オンプレミスからクラウドまで、システムのありかをユーザーが意識することなく、シームレスに利用できるSSO(シングルサインオン)環境に加え、アクセス制御やコンプライアンス監査も一貫性を持って行える仕組みが求められる。そこで今回は、クラウドも意識した上で企業におけるID管理の最新動向を追いかけながら、数年先を見据えたID管理の最適な考え方について詳しく紹介する。

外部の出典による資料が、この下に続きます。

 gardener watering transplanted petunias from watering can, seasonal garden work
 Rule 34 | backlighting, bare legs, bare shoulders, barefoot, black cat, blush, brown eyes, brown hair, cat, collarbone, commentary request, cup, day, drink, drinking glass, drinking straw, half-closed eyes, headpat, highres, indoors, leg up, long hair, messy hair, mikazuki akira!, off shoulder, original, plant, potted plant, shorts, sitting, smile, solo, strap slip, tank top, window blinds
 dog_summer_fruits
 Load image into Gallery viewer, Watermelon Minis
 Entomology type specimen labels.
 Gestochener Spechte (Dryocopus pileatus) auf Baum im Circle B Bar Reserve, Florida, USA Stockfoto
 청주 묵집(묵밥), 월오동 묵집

かつてID管理といえば、あるシステムを利用するユーザーの情報を一元的に束ね、文字通り管理するための仕組みだった。それがシステムの高度化や多様化とともに、次第にその目的は大きく変化した。
もともとはシステムにアクセスするユーザーの「利便性の向上」や「管理効率の向上」といった要件が中心だったID管理も、数年前からは「セキュリティリスクの低減」や「内部統制対策」といった目的が中心となり、それは現在でも続いている状況だ。
実際、1人のユーザーが企業内で利用するシステムの数は増加の一途をたどっており、その数だけ新たなIDが作られ、管理そのものが分散することになる。ガバナンスを効かせるのが困難なこの状態をそのまま放置することは、誰も利用していない「幽霊ID」の発生や「パスワードの使い回し」を招き、セキュリティホールになりかねない。こうしたリスクを低減するためにも、統合ID管理の基盤が求められる。

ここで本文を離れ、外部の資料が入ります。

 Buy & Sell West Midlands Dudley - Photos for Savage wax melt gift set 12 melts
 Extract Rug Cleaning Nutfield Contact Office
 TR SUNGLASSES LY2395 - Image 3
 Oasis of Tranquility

昨今重要度を増したのが、オンプレミスとクラウドを包括したID管理だ。ハイブリッド型のID管理が求められる背景にあるのが、ユーザー部門や社員個人が勝手な判断でSaaSアプリケーションの導入、活用を進めていく「シャドーIT」「勝手クラウド」のまん延だ。
もはやこの流れに歯止めはかけられないという現実もあるが、だからこそ社内で利用されるSaaSアプリケーションの実態をIT部門が正確に把握し、適切なID管理を行うことが、ITガバナンスを維持する上で極めて重要となる。
一方、ユーザーの利便性を高めるためにも、オンプレミスとクラウドを包括したID管理は重要な意味をもつ。これからのシステムは、オンプレミスとクラウドの境界を意識することなく、必要なアプリケーションをSSO(シングルサインオン)で利用できるのが望ましい。
これらの課題を解決するハイブリッドクラウド対応の統合ID管理基盤は、ディレクトリ管理基盤と連携した「ID管理(および特権ID管理)」「アクセス管理」「IDフェデレーション管理」の大きく3つの機能から構成される。